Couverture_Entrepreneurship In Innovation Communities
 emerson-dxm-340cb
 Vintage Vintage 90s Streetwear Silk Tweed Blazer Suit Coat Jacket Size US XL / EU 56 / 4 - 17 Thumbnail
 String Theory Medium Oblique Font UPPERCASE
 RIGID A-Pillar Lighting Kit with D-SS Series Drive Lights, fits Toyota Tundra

What you will do: Extract exactly the lines between the line containing "String Theory Medium Oblique Font UPPERCASE" and the end of the data, including both.

Response box:
 String Theory Medium Oblique Font UPPERCASE
 RIGID A-Pillar Lighting Kit with D-SS Series Drive Lights, fits Toyota Tundra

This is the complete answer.